## Input records
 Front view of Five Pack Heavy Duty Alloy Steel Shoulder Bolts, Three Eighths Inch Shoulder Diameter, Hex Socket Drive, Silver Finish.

...

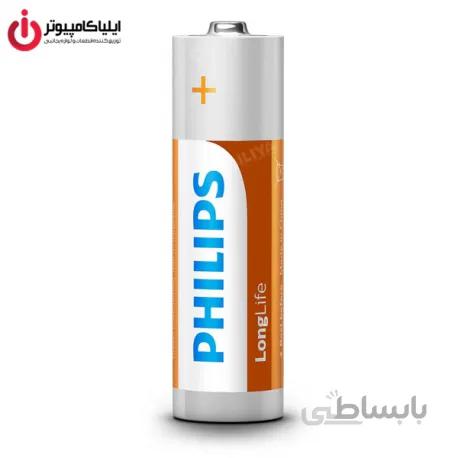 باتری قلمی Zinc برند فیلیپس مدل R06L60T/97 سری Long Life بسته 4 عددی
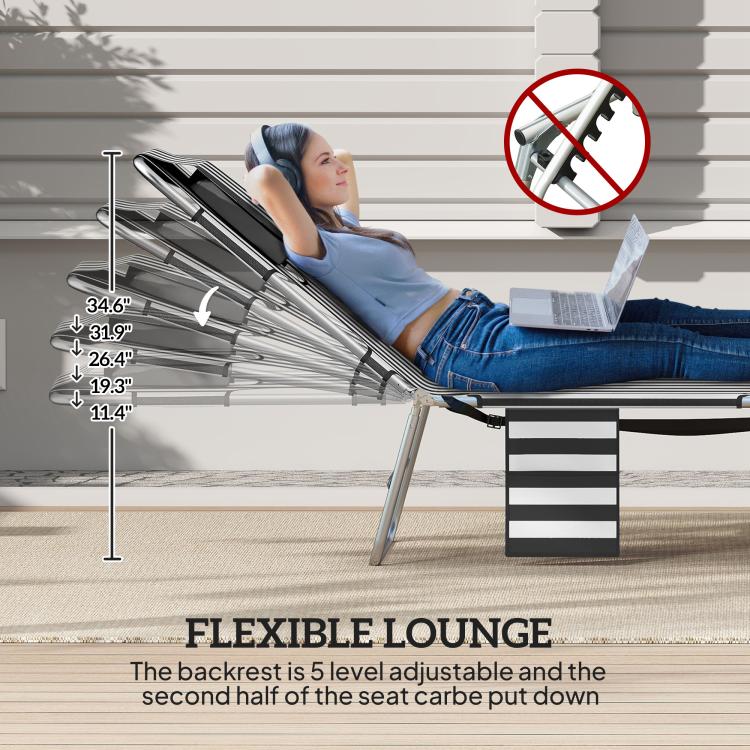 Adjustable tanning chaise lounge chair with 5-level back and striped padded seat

## What is needed
Reproduce, exactly and only, the lines of the records above starting at the line with "باتری قلمی Zinc" and ending at the line with "Adjustable tanning chaise", both included. Leave every picture out.

## Result of the exercise
 باتری قلمی Zinc برند فیلیپس مدل R06L60T/97 سری Long Life بسته 4 عددی
 Adjustable tanning chaise lounge chair with 5-level back and striped padded seat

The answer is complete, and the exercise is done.